IT WOULD BE EASY TO THINK DESIGNER DANNY SEO was destined to preach

the gospel of green. After all, the 31-year-old eco-living guru was born

on Earth Day, April 22,1977.

But that wasn't actually in his parents' plan. "My

mother had a closet full of furs, and my father was a doctor who

advocated animal testing," says Seo. "I just started getting

into environmental activism when I was little. I think my parents

thought it was just a phase." Well, don't they always?



Longbefore he started talking about nontoxic cleansers and

solar-powered gadgets on CBS's The Early Show and in the pages of

Country Home (where he's an editor at large), the out decorator

from Reading, Pa., started proselytizing in his own backyard. When he

turned 12, Seo told his conservative Korean-American family he wanted to

use his birthday money (a whopping $23) to found the environmental and

animal-rights advocacy group Earth 2000. With equal parts enthusiasm and

naivete, the adolescent Seo organized an antiwhaling demonstration,

provided vegetarian meals to people with AIDS, and rang up lawmakers to

harangue them about pending environmental legislation. Earth 2000

blossomed from barely a dozen members at its start to 25,000 by the time

Seo was 18--making it quite possibly the country's largest

teen-focused nonprofit. "The goal," says Seo, "was to

save the planet by the turn of the millennium. You know, nothing too

ambitious." (For an eco-warrior, Seo has a wicked funny streak.)



Despite the boy wonder's success at eco-activism, his path to

enlightened living rooms was hardly direct. After graduating from high

school with a D-minus grade point average--"schoolwork was not

where my priorities were"--Seo scored a book deal with Random House

to write a how-to guide for teen activists. The advance for Generation

React gave Seo the financial freedom to move to Washington, D.C., and

lobby for old-growth forests. But it didn't take long for him to

grow disenchanted with life on the Hill. "In D.C. politics is its

own end," he explains. "I wanted to reach people

directly." Even with that conviction in place, the shift from

lobbyist to lifestyle expert happened somewhat accidentally.

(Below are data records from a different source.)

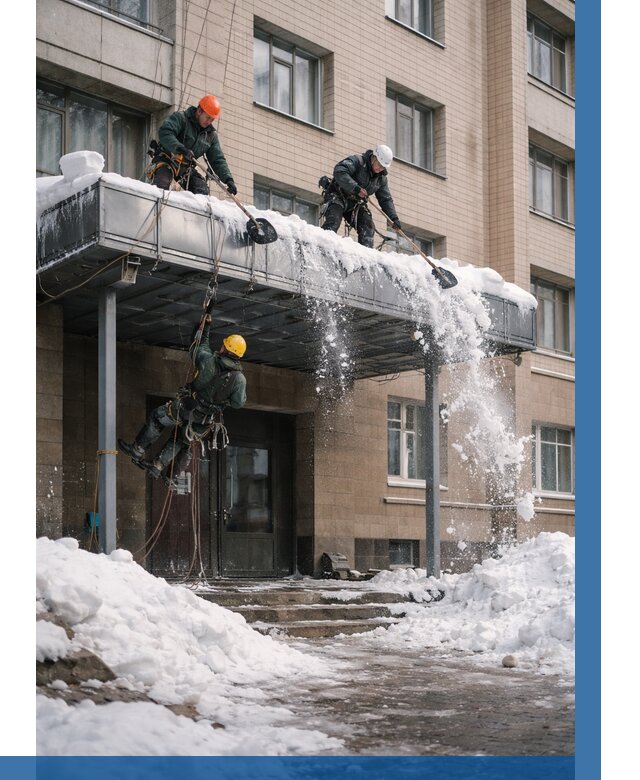 Очистка козырьков от снега в Ейске от 3607 р. | ВЫСОТНИК-Еск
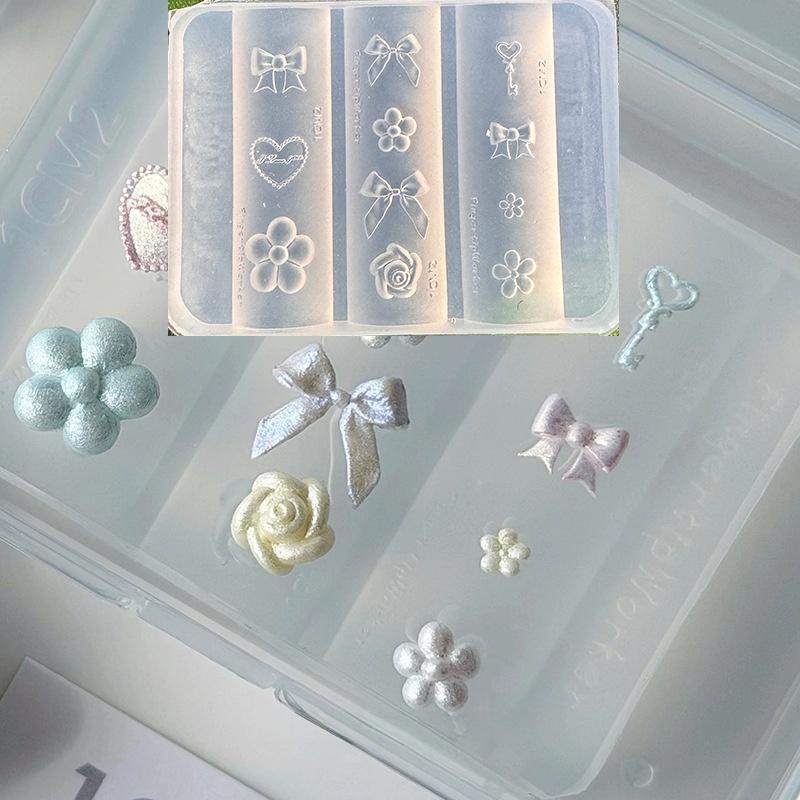 新しいシリコンネイルモールド チェック柄リボンフラワー 再利 - Resin Art Template のレビューと価格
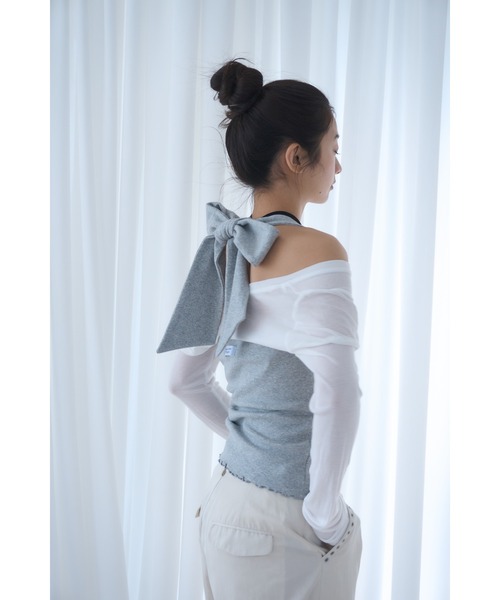 Smyeon(スミョン)の「Ribbon halter-neck top/リボンホルターネックカットソー(Tシャツ/カットソー・レディース・グレー/カーキ/ブラック/ホワイト/パープル/ミント・FREE)」の15枚目の写真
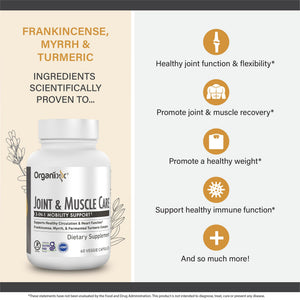 Organixx Joint & Muscle Care Organic Turmeric Supplement, 3-in-1 Frankincense, Turmeric and Myrrh Joint Health & Joint Support Supplement Body Care Capsules, Supports Swelling, Tension, 60 Capsules OrganixxBuy Supplements Australia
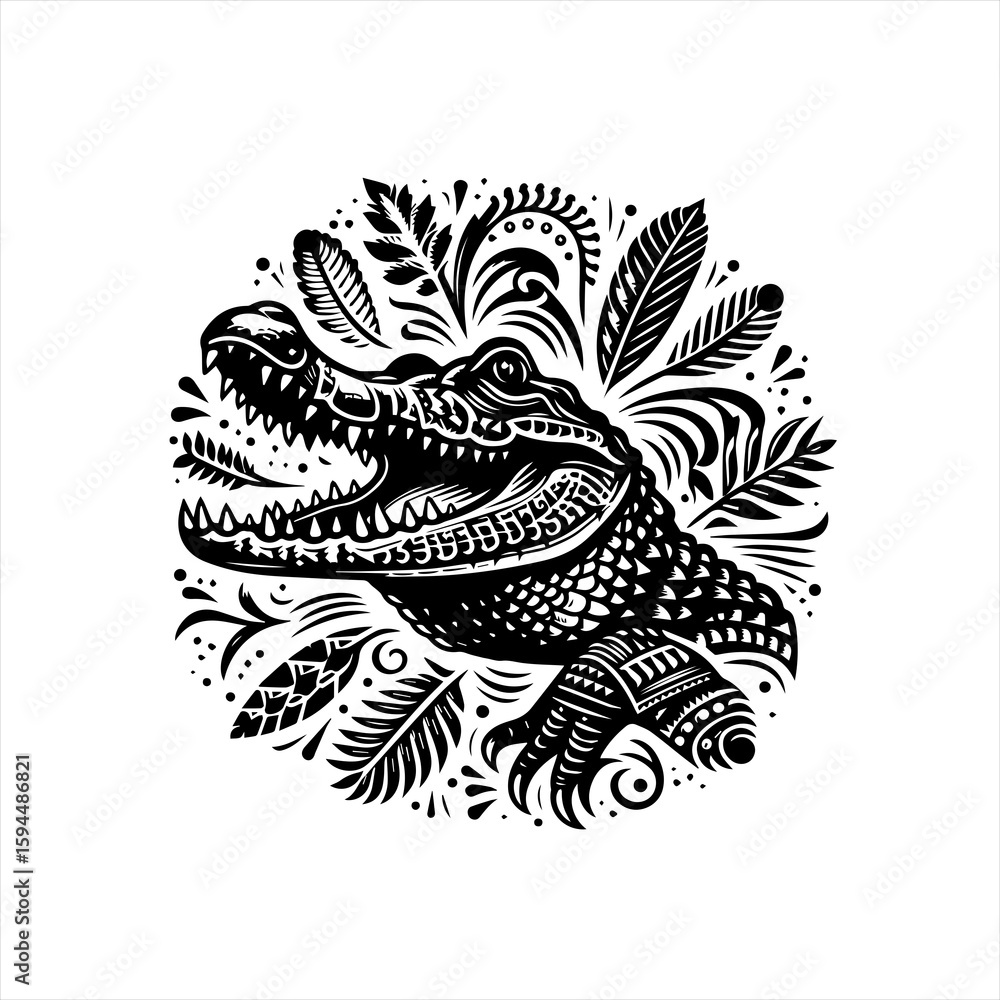 Stylized Black and White Alligator Head with Floral Elements. Stylized Black and White Alligator Head with Floral Elements.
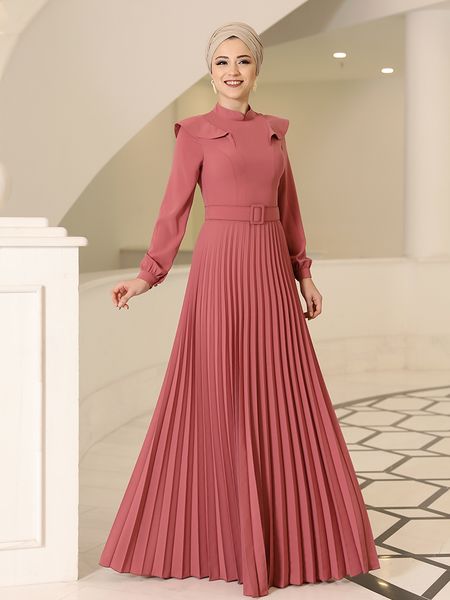 women muslim dress modest fashion pleat skirt with belt elegant invitation hijab clothing long size made in turkey, Red
women muslim dress modest fashion pleat skirt with belt elegant invitation hijab clothing long size made in turkey, Red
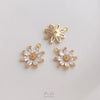 Handmade Copper Pendant With Natural Zircon Daisy Flower Double Hanging Design In Electroplated Gold Color For Diy Jewelry Making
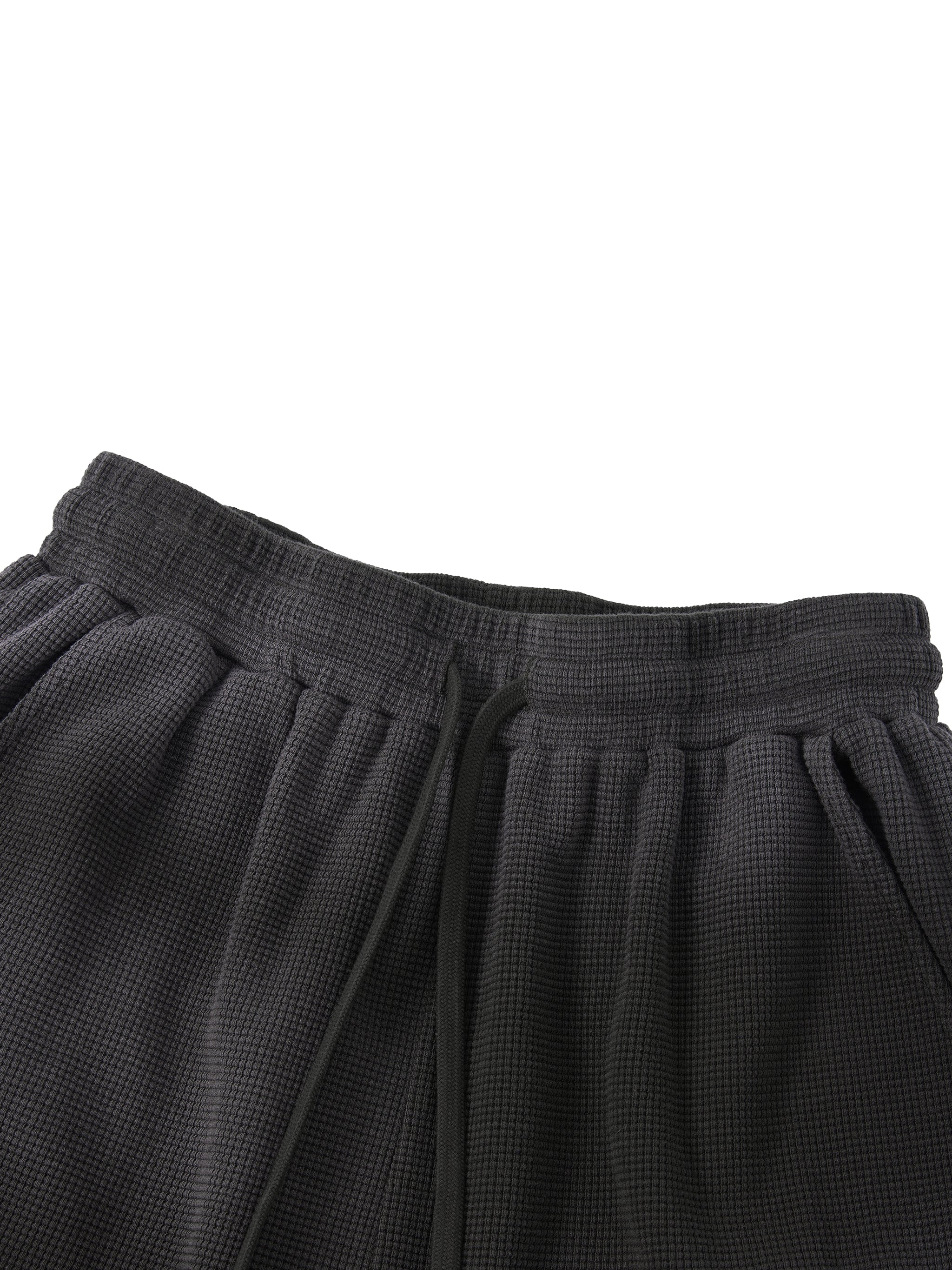 Unisex Vintage Sunfade Waffle Raw Hem Shorts – Oversized Streetwear Lounge Shorts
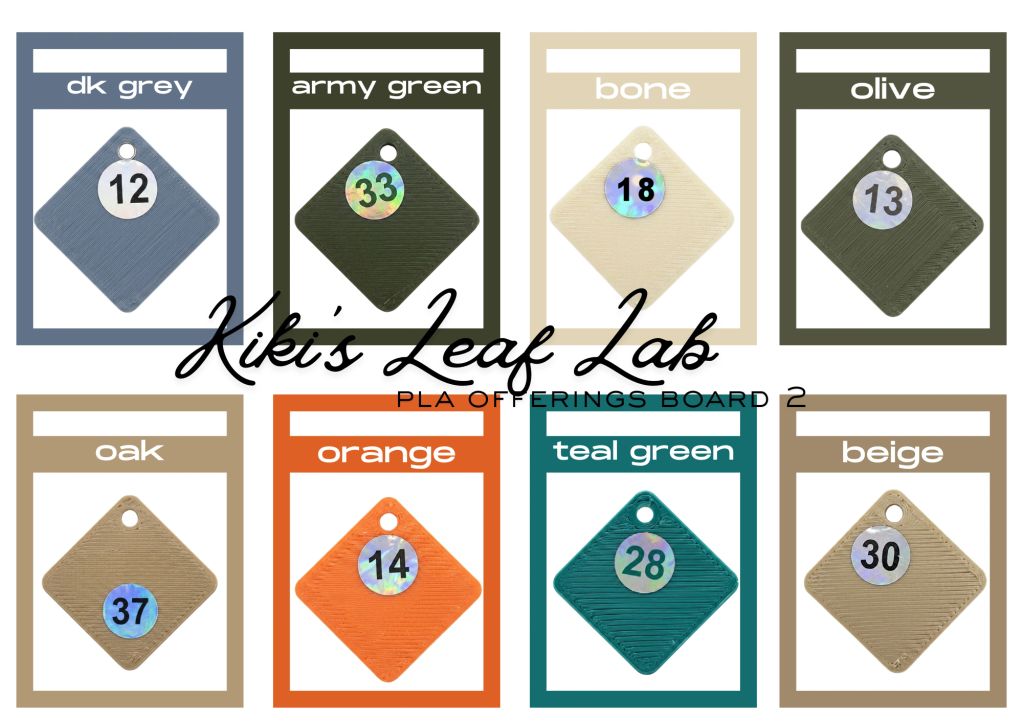 Color sample board of plastic earrings by Kiki's Leaf Lab.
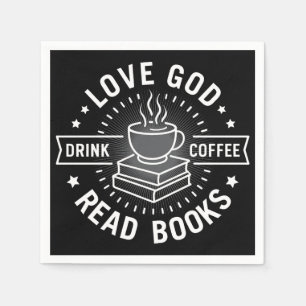 Guardanapo De Papel Amor Deus Beba Café Ler Livros Vintage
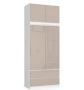 Riidekapp AKORD S90, 2 sahtlit vahelaega, valge beež, 90 × 234 × 51 cm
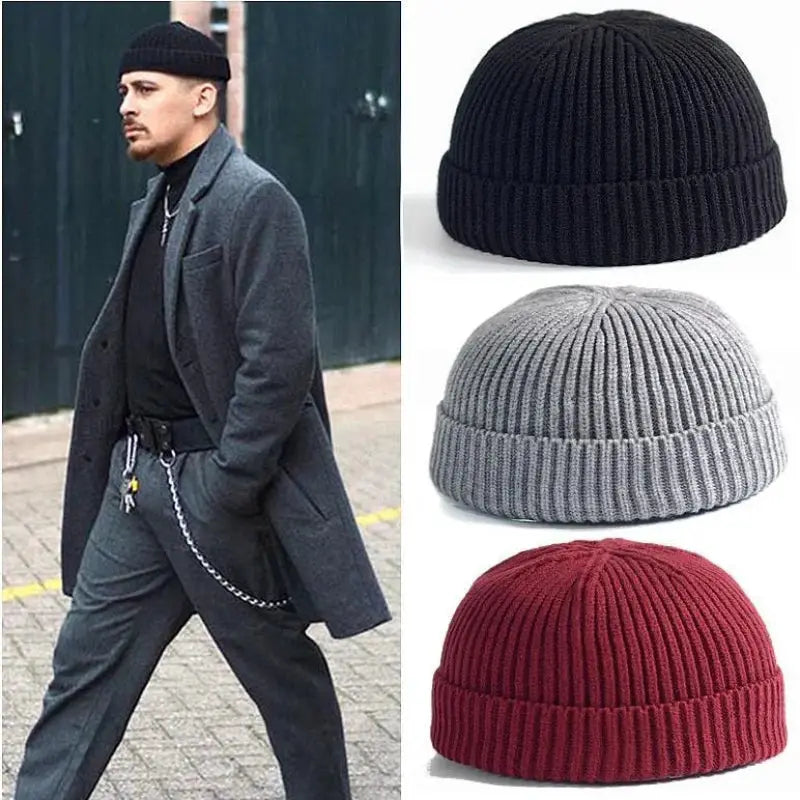 Rimiut Unisex Knitted Beanie Hat Wool Winter Cap Warm Solid Color Fashionable Autumn Men Women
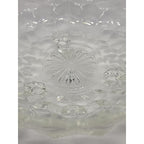 Vintage Fostoria American Cubist Glass Bowl 3 Footed Sawtooth Rim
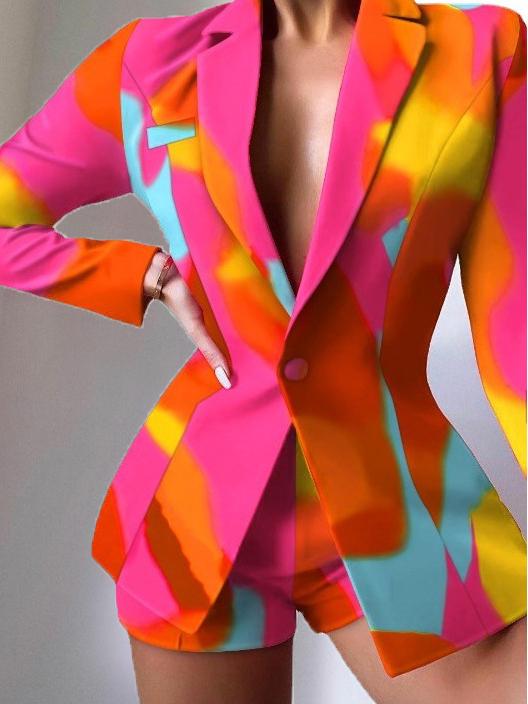 Women's Blazers Tie-Dye Lapel Long Sleeve Buttons Blazer - Blazers - INS | Online Fashion Free Shipping Clothing, Dresses, Tops, Shoes - 20-30 - 20/10/2021 - BLA2110201151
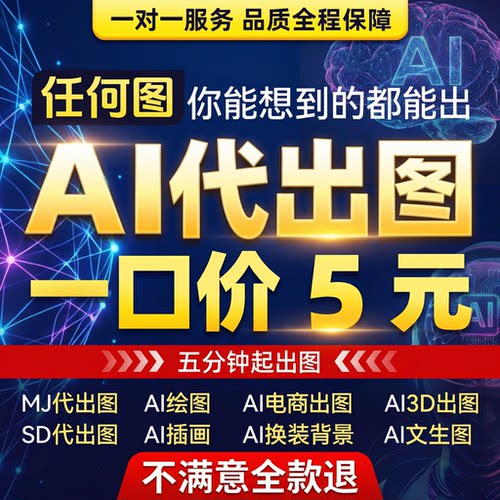 AI代出图P图做图精修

"'Green style' was an oxymoron in the 1990s," he

remembers. "But I'd find a great old sofa and hire someone to

reupholster it with this beautiful Polish hemp fabric or buy organic

cotton towels that were drab beige and custom-dye them the colors I

wanted. It was crazy stuff."

[ILLUSTRATION OMITTED]



A reporter for The Washington Post, on assignment in 1999 to

profile Seo's activism, was so stunned by the greendesign

sensibility of his apartment--and the all-organic vegetarian snacks he

proffered-that she turned the piece into a lifestyle feature. The

e-mails and calls came soon afterward. "The more consulting I was

doing, the more I'd get asked to do. This whole world of stylish

sustainability opened up," he explains. And how: By the time he

turned 25, Seo had written four books, appeared on The Oprah Winfrey Show, and been named one of People magazine's 50 Most Beautiful

People in the World.



SEO'S SCHEDULE HAS HIM ON THE ROAD MUCH OF THE YEAR, making it

hard to carve out a social life. (He's mum on the subject of a

boyfriend.) But when he's not consulting on the new eco-suites at

the Hotel Monaco in New Orleans or emerald-hunting in Australia with

Rosario Dawson, he bunks down in one of his two homes in

Pennsylvania's affluent Bucks County: a cozy bungalow on the

Delaware River and a midcentury-modern cabin in the forest (the ongoing

renovation of which Seo blogs about in the Huffington Post column The

Green House Effect.)



"My style at home is modern country," he explains.

"It's not gingham, plaid, and stencils, but it's

comfortable. Everything has a handmade touch but very clean lines and is

eclectic." And while it would be impossible for Seo not to practice

what he preaches, he doesn't skimp on flair in the name of

consciousness. So rather than use an eco-unfriendly cashmere blanket--high demand for cashmere has caused an increase in the goat

population in China, which has turned grasslands into dust bowls and

caused an upswing in pollution in Asia and across the Pacific to my company the

western United States--he bought an armload of downy-soft alpaca scarves

and had them stitched together as a bedspread.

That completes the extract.